Rendering Basics with PyTorch3D¶

Part 1 -- Practicing with Cameras¶

1.1 - 360 Degree Renders¶

In the following task, I rendered a 3D Cow object from 18 different viewpoints. The elevation and the distance of the camera object was fixed but the azimuth ranged from -180° to 180° (thus, changing 20° in each viewpoint). Using the look_at_view_transform function in pytorch3d, I got 18 different (Rotation,Translation) matrix pairs that were used to transform the camera. Putting together all the rendered images, I get the below gif:

1.2 - Re-creating the Dolly Zoom¶

The idea of a dolly zoom is to change the focal length of the camera while moving the camera in a way that the subject stays the same size in the frame. (i.e. if you're increasing the focal length, effectively zooming in, then also increase the distance of the camera from the subject).

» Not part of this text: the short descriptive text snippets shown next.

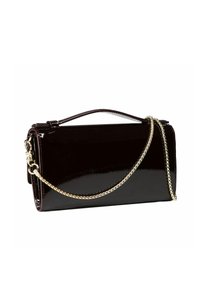 Bolso de mano de cuero patentado negro con forma rectangular, asa superior y una correa de cadena dorada desmontable. Presenta un acabado brillante.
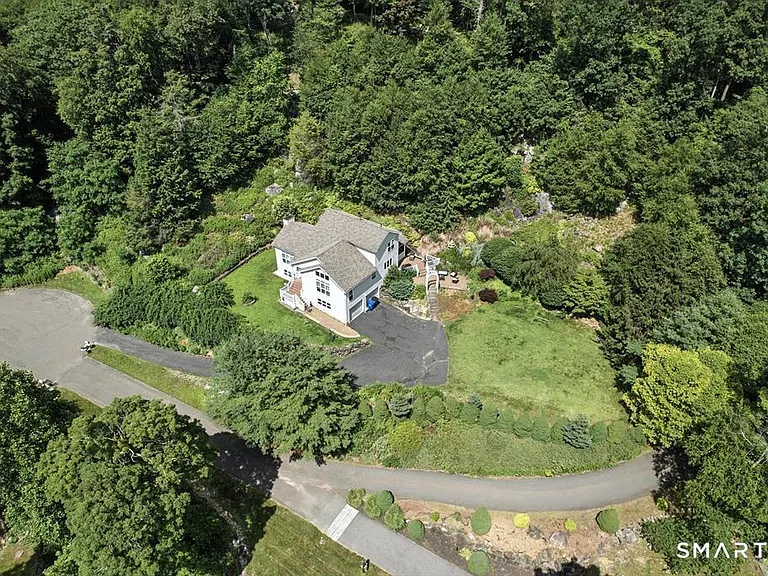 11 Squantz View Dr — Photo 23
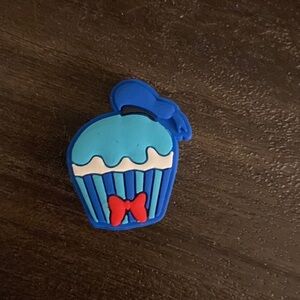 Croc Charm cupcake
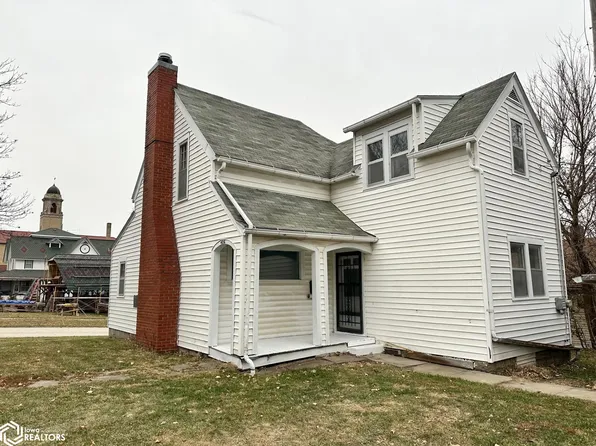 406 Grove Ave, Corning, IA 50841
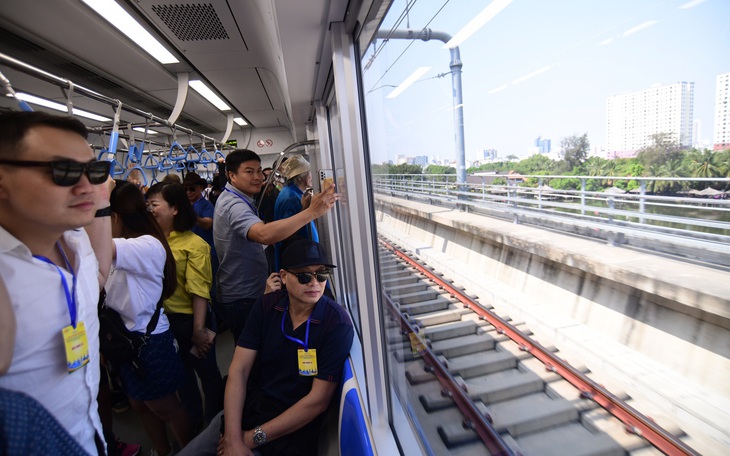 Họp bàn siêu đề án chưa từng có tiền lệ: làm đồng loạt cả trăm km metro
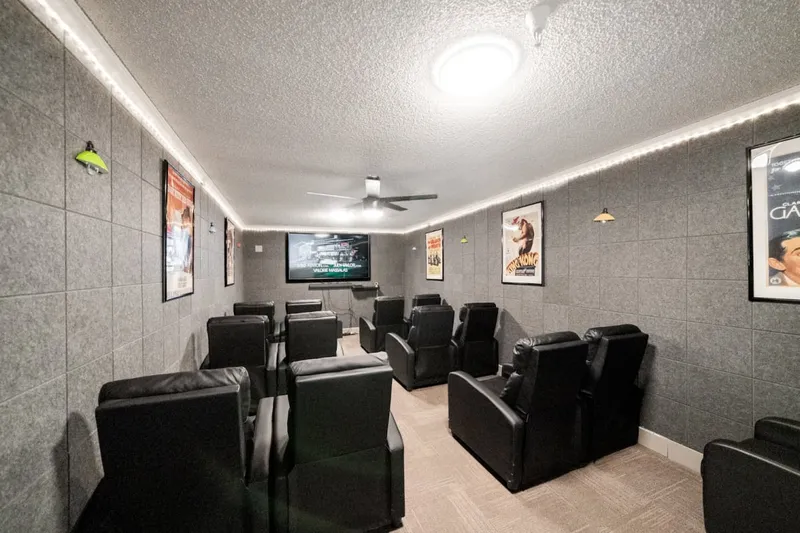 Lincoln Court Assisted & Senior Living photo 8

To achieve this, I scaled FoV (Field of view, which is related to Focal Length) and T (Translation matrix, which includes a z-axis distance component) accordingly:

fovs = torch.linspace(5, 120, num_frames)
min_focal_length = 1 / torch.tan(torch.deg2rad(fovs[0])/2)

renders = []
for i, fov in enumerate(tqdm(fovs)):
    curr_focal_length = 1 / torch.tan(torch.deg2rad(fov)/2) # Converting FOV to focal length
    distance = 50 * curr_focal_length / min_focal_length    # Ensures f/d stays constant
    T = [[0, 0, distance]]

In the above, 50 is chosen as the minimum distance (empirically, based on how it looked visually).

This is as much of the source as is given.